Человек, живущий в тундре, тайге или любой другой дикой местности, гораздо лучше чувствует постоянное присутствие опасности, чем люди, живущие среди людей, где они постоянно ощущают локоть соседа. В дикой природе отнюдь на абстрактная смерть караулит человека в каждом болотце, в каждом топком ручье или на осыпающемся обрыве, подточенном таявшей вечной мерзлотой. Кто знает, когда вот эта наклонившаяся сухая лиственница упадет на вашу яркую палатку, убивая все, что попадет под него? Смерть караулит человека на озерах, поднимая страшный шторм, на перекатах и отмелях, куда по ошибке вылетает моторная лодка, на водопадах и под скалами. У смерти есть помощники – неутомимые полевые хищники, голодные до остервенения. Зимой смерть буквально прописывается в тундре – холод, пурга, темень полярной ночи и полыньи коварных речек. Смерть летит с арктическим ветром, прячется в морозный туман.
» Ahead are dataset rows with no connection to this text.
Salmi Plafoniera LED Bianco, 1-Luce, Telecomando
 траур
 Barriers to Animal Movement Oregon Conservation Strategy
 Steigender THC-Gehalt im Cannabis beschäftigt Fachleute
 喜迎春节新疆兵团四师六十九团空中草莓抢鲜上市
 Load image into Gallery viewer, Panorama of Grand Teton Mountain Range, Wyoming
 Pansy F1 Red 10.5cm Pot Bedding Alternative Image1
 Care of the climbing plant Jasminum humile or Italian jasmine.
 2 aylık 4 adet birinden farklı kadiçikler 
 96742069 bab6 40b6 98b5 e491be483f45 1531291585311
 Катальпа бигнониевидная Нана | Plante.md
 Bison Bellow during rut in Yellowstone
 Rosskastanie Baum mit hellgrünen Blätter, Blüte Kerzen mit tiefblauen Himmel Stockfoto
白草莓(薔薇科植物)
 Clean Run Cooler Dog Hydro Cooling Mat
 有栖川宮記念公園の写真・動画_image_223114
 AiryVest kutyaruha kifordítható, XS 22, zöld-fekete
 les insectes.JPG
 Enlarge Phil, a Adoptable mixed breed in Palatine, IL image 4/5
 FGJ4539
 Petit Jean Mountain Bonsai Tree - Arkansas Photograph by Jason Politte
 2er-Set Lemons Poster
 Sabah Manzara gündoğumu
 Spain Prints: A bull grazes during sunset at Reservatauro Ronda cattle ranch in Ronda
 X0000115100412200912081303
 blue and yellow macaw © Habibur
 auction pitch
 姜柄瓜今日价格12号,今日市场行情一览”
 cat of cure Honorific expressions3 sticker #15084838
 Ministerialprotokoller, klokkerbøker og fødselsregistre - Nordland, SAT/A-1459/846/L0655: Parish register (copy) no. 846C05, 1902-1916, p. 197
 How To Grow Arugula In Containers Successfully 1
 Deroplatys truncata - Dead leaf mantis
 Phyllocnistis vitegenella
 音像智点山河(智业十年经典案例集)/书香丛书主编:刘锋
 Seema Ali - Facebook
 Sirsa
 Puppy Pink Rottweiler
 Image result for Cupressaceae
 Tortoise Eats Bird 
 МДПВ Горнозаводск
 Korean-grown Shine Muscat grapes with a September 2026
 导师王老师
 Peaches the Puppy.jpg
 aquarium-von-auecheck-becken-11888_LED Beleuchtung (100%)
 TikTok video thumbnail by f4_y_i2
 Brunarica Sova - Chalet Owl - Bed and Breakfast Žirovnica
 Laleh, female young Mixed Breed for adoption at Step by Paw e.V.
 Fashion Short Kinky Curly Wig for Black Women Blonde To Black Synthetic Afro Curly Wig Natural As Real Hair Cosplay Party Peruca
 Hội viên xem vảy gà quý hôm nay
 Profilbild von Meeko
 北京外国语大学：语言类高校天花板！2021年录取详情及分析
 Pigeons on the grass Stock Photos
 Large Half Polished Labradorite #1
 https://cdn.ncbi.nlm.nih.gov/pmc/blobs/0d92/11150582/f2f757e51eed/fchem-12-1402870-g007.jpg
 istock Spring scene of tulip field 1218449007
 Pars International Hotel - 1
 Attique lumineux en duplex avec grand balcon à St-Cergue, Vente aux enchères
И человек со стажем проживания в таких условиях все это чувствует.
Все это – природные риски… Но в тундре бывают опасности иррациональные, мистические, про них сложно говорить и спорить, зато легко думать и верить. Нет такого отшельника-тундровика, который хоть раз не замечал присутствия чего-то ч у ж о г о. Он не рассказывает об этом корреспондентам, предпочитая не будить лихо. Он просто знает – что-то зловещее и страшное бродит рядом.
Это – самые страшные опасности. Их не понимаешь.
Мрачные предчувствия, прозвучавшие в голосе и словах Квеста еще вчера (при первом серьезном разговоре с Наташей, в котором они пытались подвести итоги и обобщить узнанное), словно окутали хижину на долгие дни, и теперь маленькая девочка с каждым днем все более остро ощущала пугающее приближение чегото таинственного и неотвратимого…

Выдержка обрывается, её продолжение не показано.